Ruby gave a blank look.
Ming said it again slower. “You need to serve Ozcorp with those papers, right?” She treated Ruby like a rusted-out Buick that needed a few kicks to get started.
“Yeah. I guess so. I just wasn’t thinking about that.” Mostly, she had been thinking about meeting Noel for lunch. She imagined them on the patio at Em’s. She’d put her feet up. He’d loosen his tie. Or maybe they could meet in her office, lock the door, and pull the shade on that frosted window. So many options!
Ming rolled her eyes. “Seriously, Ruby. You have to serve someone, so you might as well serve Destinee. And, I need to do some recon at Gemima’s Closet. They’re launching a new line of bras I need to check out.”
The prospect of shopping got her moving, and she put on her cowboy boots. As she stood, the boots pinched. Seemingly overnight, her feet had ballooned out to fill up all the space in the foot box. Hoping it was a passing phenomenon, she tried a few steps, but she could only move her legs enough to manage a stiff, hospital-corridor-shuffling-behind-your-walker gait, so she sat back down. “My shoes don’t fit. Do you think they shrank?”
Impatient to leave, Ming cut to the chase. “It’s pregnancy. I heard that some women go up two shoe sizes. Do you have anything else to wear?”
“No. That can’t be. That would make me like a size ten. That’s like WNBA big.” With more frustration than despair, she scanned the room for something else to wear. She settled on the red sequined slippers she’d taken from Estelle’s house. She had no money to buy new shoes, so they would have to do the job.
Ming scoffed at the red slippers. “All right, Dorothy, let’s go to the mall and serve Oz.”
Ruby picked up her envelope, shoved it in her handbag, and followed Ming out the door.
At the mall, Ruby and Ming each ordered a vanilla latte with angel foam because Ruby insisted. “My treat. Pastor Rick loves them.”
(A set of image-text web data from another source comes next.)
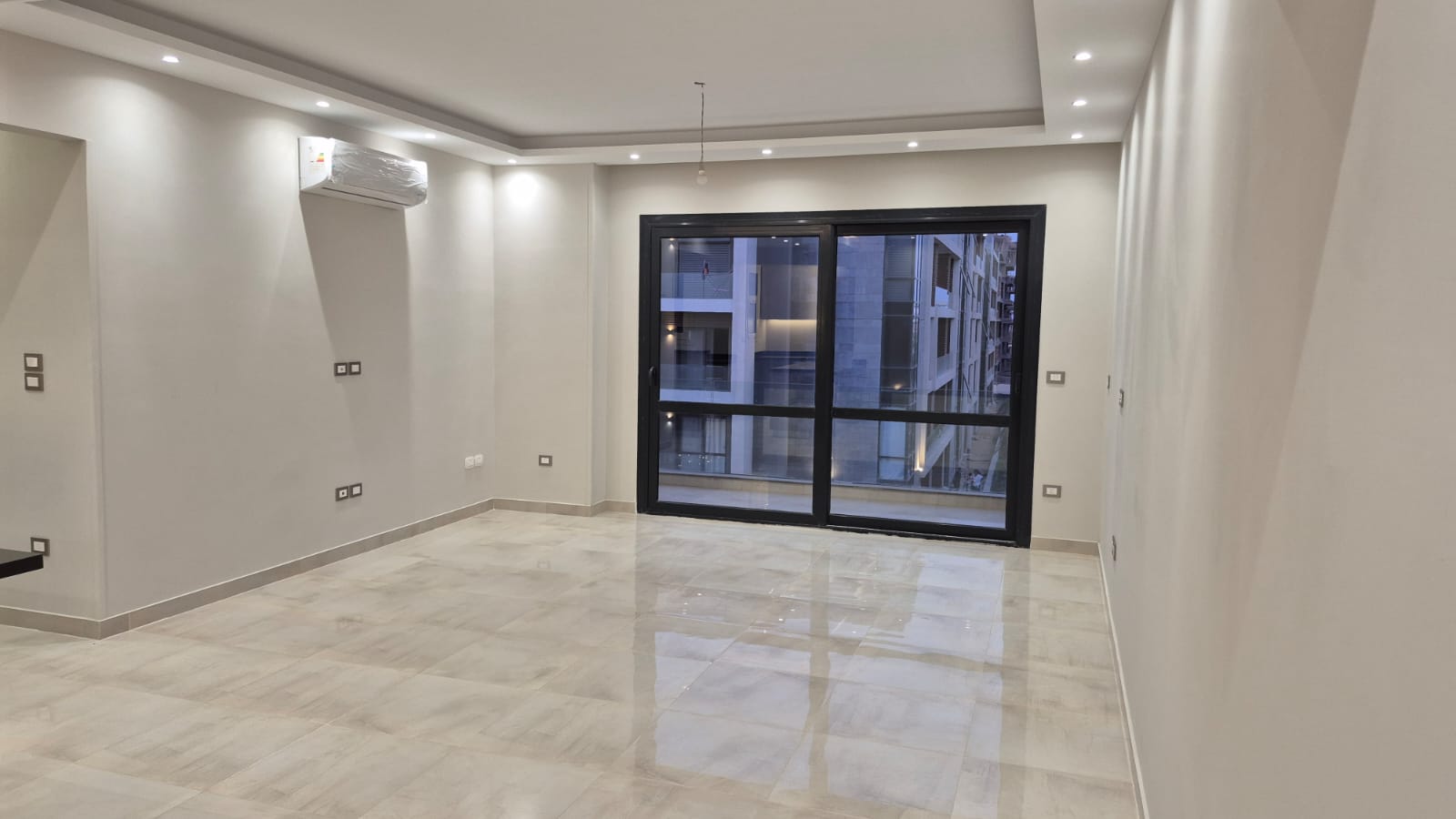 صورة مصغرة 9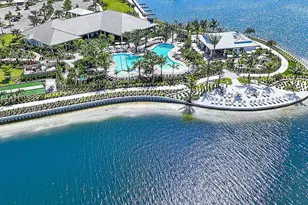 11651 Roseto Ct, Fort Myers, FL 33913 - Photo 44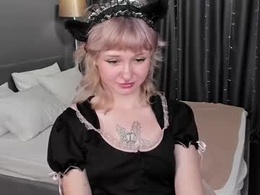 Most Recent Photo of tori_cutie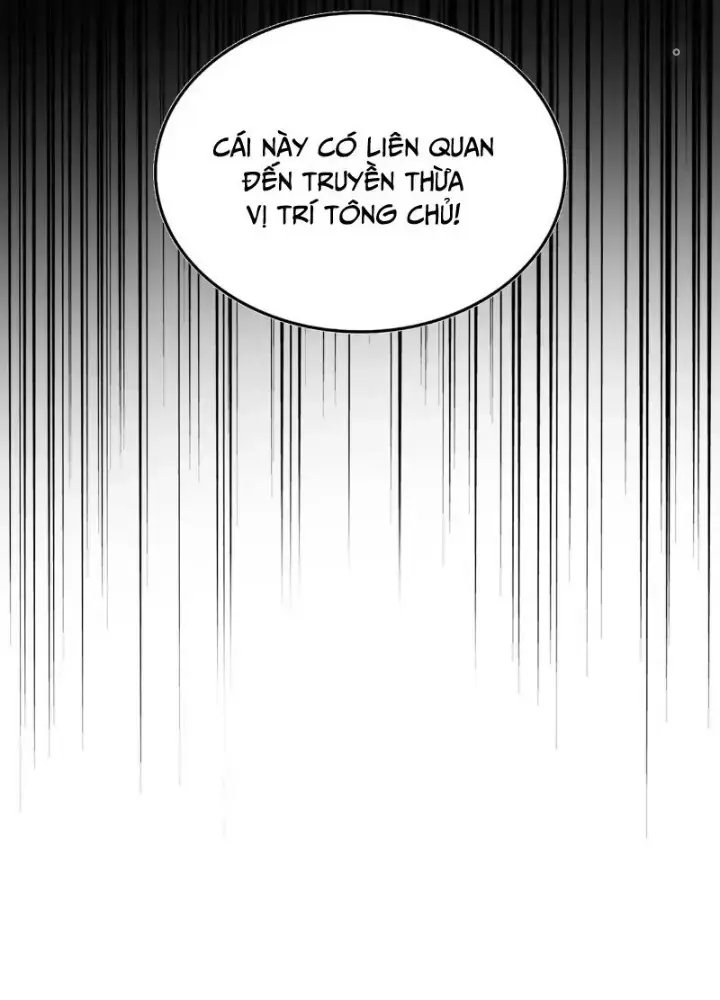 Đại Quản Gia Là Ma Hoàng Chap 618 - Next Chap 619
While they were waiting, Ruby wandered over to the glass elevator. Next to the elevator she noticed a dispenser with a vacuum tube system attached, the same type you see at bank drive-throughs. The vacuum tube went from the box all the way up into the belly of the glass chapel, running parallel to the glass elevator. The sign on the box advertised it as the Glass Chapel donation box and said, “Beam your money to Heaven!
All donations accepted.”
Ruby pressed the red button and pulled out one of the “donation canisters.” She didn’t have any cash, but she did have lip gloss, a couple of business cards, and a hazelnut Ritter Sport candy bar. On impulse, she stuffed the Ritter Sport bar into the tube and shot it up to the church. Watching it shoot up the tube turned out to be a highly satisfying experience. A bag of airline peanuts and a Client Advisors card made the second trip. At this point she ran out of things she was willing to part with.
Shooting random objects up the donation tube ran par for the course at the Chapel Mall. Since old people and tourists actually donated money via the tubes, the Chapel accepted the prank donations without comment, except for the warning, “Please do not load liquids or live animals into the donation canisters.” This reminded Ruby of a story she’d heard about someone shooting a goldfish up the tube. It was probably just an urban legend, but she couldn’t help but wonder. Ming handed her a latte and said, “Let’s go.”
When the elevator doors opened to the Chapel, Ruby sashayed into the lobby in her tube dress, fur shrug, and red house slippers. Destinee, Pastor Rick, and a hot chick in tight zebra-striped pants were congregated around what Ruby assumed was the donation canisters receptacle. They appeared to be examining the most recent donations, which Ruby assumed must be her own.
They strode up to the men. Ruby said, “Hi, nice to see you again Pastor, Destinee.” Then she looked at the woman, who was an Italian bombshell in the tradition of Sophia Lauren and guessed, “Fabrizia?”